Warren ShawCorrespondent IIJanuary 14, 2010

Most hockey fans that have ever had children participating in youth hockey are not surprised when they hear about referees letting their personal feelings affect how they call a game. There is not much new about ice officials in amateur play favoring one team over another or purposely missing a call. This is why they are called “amateurs". It is also where the phrase “Hometown Ref” originated.

However, huge problems emerge when such behavior makes its way into the professional ranks of the NHL.

The referee has an important role because, along with other responsibilities, they dictate the pace and the level of play based on calls made during a contest. The referee gains or loses a team’s confidence and respect with every game that he calls.

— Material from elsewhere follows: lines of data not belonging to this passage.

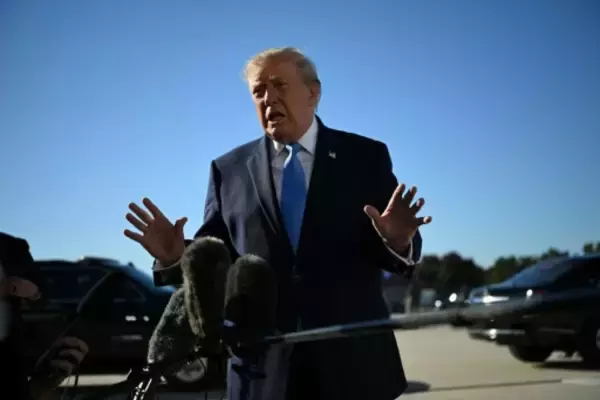 オバマ氏、トランプ氏のホワイトハウスを「独裁者が開いたファミレス」になぞらえ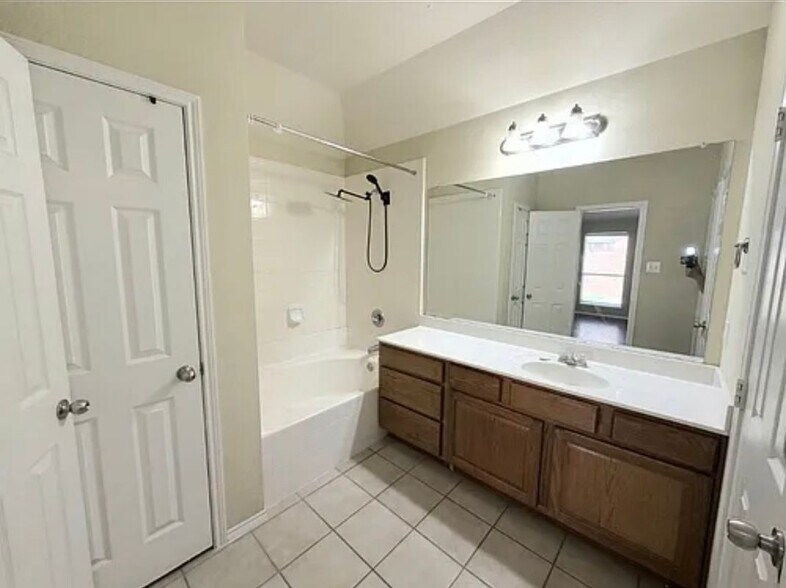 Building Photo - 13645 Valley Mills Dr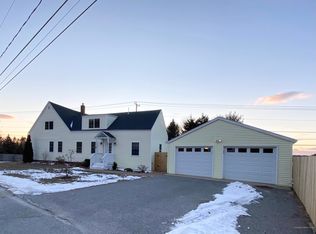 731 Beech Hill Rd, Auburn, ME 04210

The furor concerning Vancouver Canuck forward Alex Burrows and Referee Stephane

Auger speaks directly about the problems that manifests when a referee becomes a factor as to whether a team wins or loses.

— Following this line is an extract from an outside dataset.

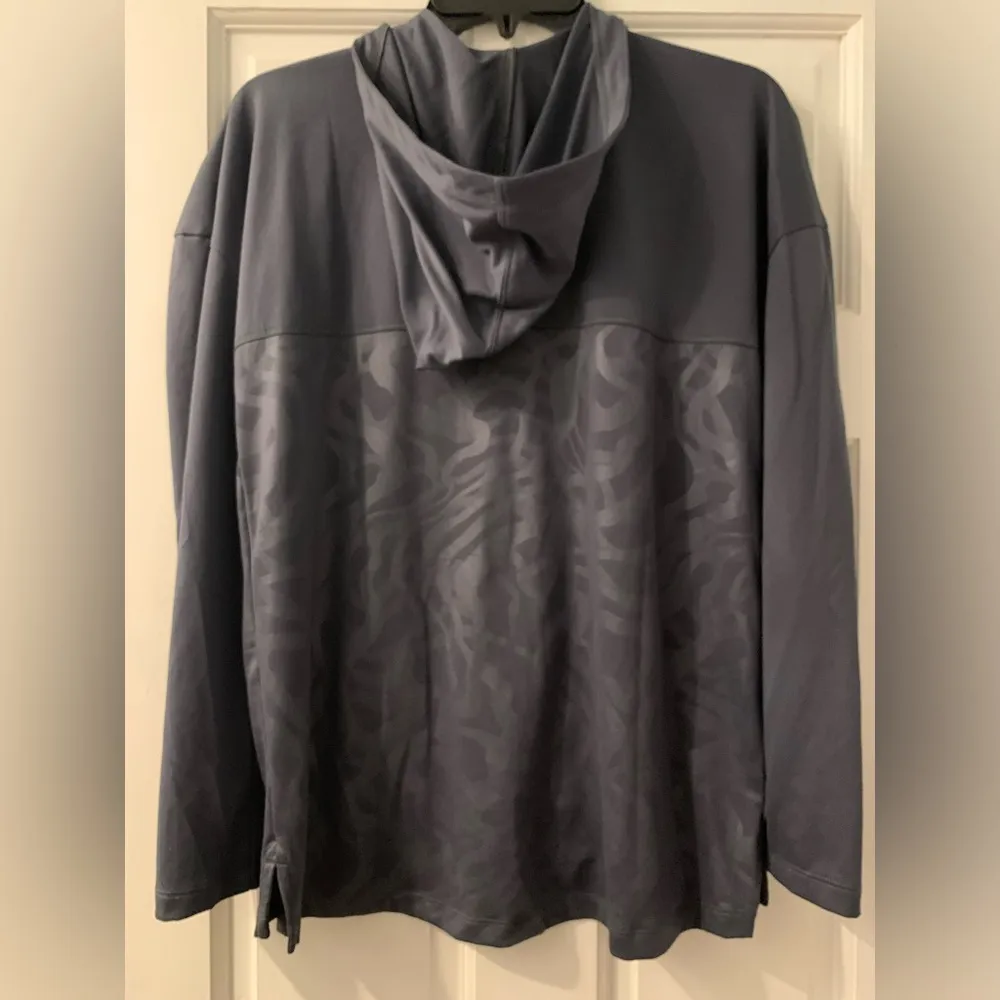 Woman's under armour locker emboss gray 1/4 zip hoodie - Image 2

Auger is accused by Burrows of approaching him prior to the opening faceoff and telling him he was going to get even for "embarrassing" him in an earlier game.

Burrows said Auger called three penalties against him in the third period—two minors and a misconduct—to get back at him for an incident in a Dec. 8 contest in Nashville.

Burrows said Auger felt he had been tricked into calling a charging major and game misconduct against the Predators’ Jerred Smithson. The NHL later overturned the Smithson call, ruling that Burrows took a dive on the play.

With the both teams and the same referee on the ice, Burrows info told reporters that Auger said before the game that he would “get me back” for making him look bad. While Burrows was serving his second minor penalty of the third period, defenseman Shea Weber scored the winning goal for the Predators.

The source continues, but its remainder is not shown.